▶ [Your objective]: From the line that contains "This gives you" down to the last line of the data below, restate every line word for word, skipping any images.

▶ [Information supplied]:
*** Begin section ***
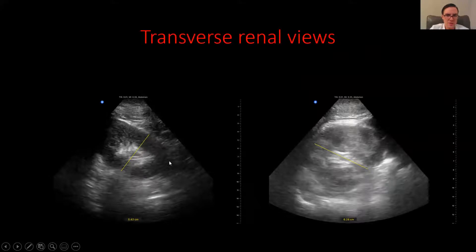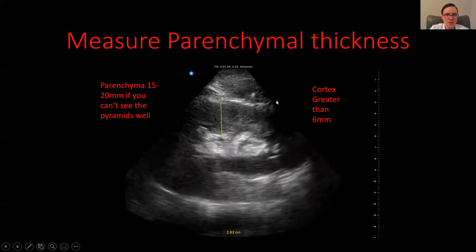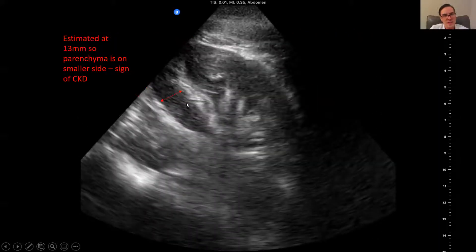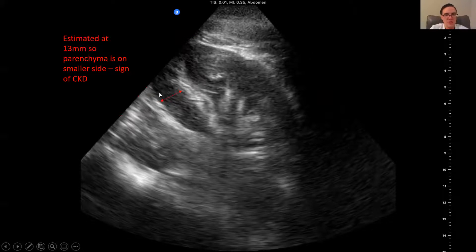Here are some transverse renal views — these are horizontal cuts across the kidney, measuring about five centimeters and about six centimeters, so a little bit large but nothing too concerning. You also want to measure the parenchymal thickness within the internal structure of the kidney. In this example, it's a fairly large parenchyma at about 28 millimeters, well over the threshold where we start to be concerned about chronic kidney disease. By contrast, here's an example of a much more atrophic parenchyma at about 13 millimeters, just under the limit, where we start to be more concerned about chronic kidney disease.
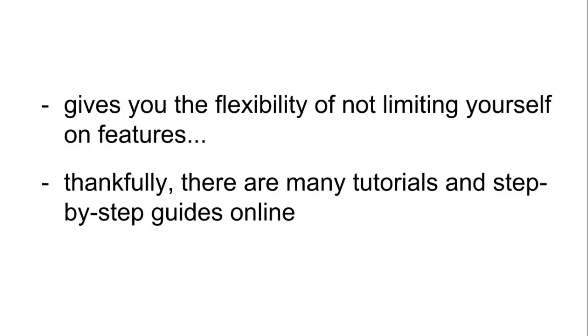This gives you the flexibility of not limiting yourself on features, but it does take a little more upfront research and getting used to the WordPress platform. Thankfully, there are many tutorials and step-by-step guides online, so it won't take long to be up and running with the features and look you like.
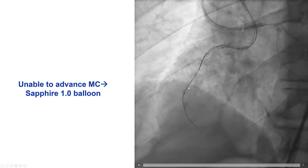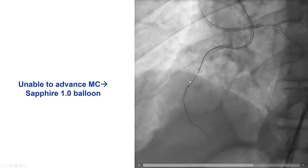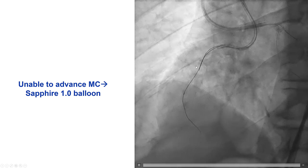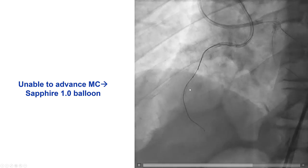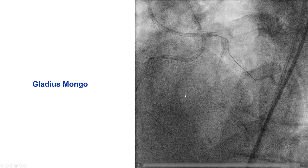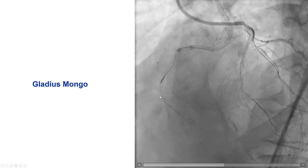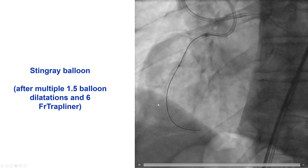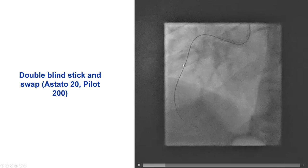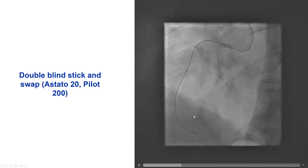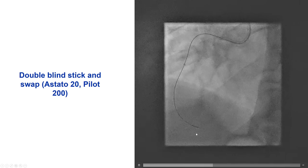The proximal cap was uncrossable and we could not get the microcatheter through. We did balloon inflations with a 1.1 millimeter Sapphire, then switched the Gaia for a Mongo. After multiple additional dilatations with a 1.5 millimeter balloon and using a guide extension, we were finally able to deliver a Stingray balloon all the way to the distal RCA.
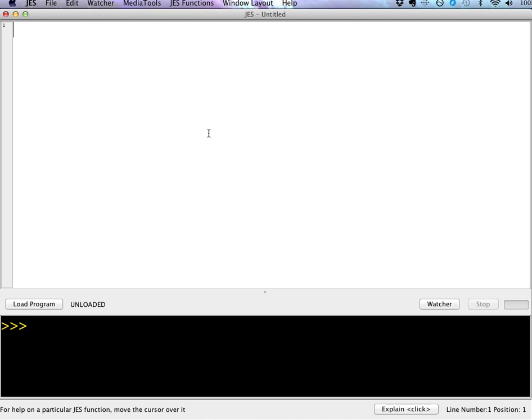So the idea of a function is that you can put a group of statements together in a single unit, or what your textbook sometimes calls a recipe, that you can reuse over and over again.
*** End section ***
▶ [Reply]:
This gives you the flexibility of not limiting yourself on features, but it does take a little more upfront research and getting used to the WordPress platform. Thankfully, there are many tutorials and step-by-step guides online, so it won't take long to be up and running with the features and look you like.
The proximal cap was uncrossable and we could not get the microcatheter through. We did balloon inflations with a 1.1 millimeter Sapphire, then switched the Gaia for a Mongo. After multiple additional dilatations with a 1.5 millimeter balloon and using a guide extension, we were finally able to deliver a Stingray balloon all the way to the distal RCA.
So the idea of a function is that you can put a group of statements together in a single unit, or what your textbook sometimes calls a recipe, that you can reuse over and over again.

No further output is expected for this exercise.